PROBLEM: Entries below include pictures. Output exactly the lines from the one with "102 Longshore Circle, Smithfield" down to the one with "拡大写真：カーサフィオーレⅡ 2階201の収納", both ends included, and leave the pictures out.

EXERCISE MATERIALS:
################
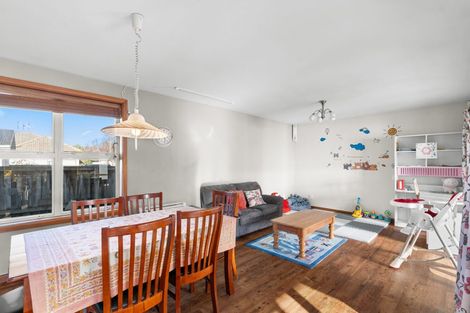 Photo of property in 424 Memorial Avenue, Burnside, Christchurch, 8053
################
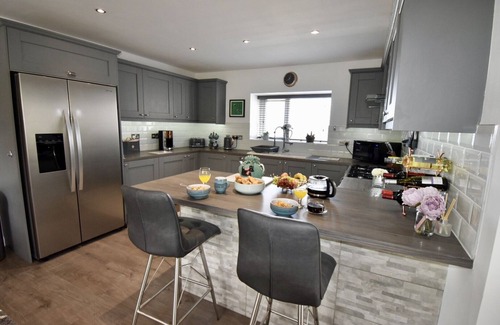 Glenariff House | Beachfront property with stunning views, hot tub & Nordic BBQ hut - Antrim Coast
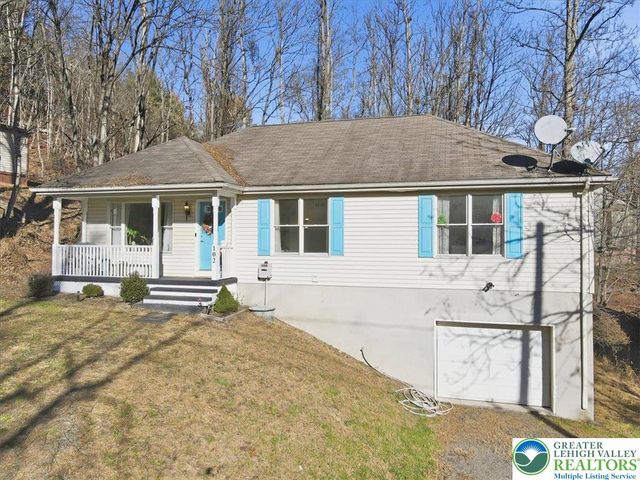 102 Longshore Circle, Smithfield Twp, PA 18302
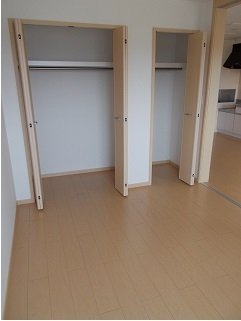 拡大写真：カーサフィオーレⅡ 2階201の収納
################
EXERCISE ANSWER:
 102 Longshore Circle, Smithfield Twp, PA 18302
 拡大写真：カーサフィオーレⅡ 2階201の収納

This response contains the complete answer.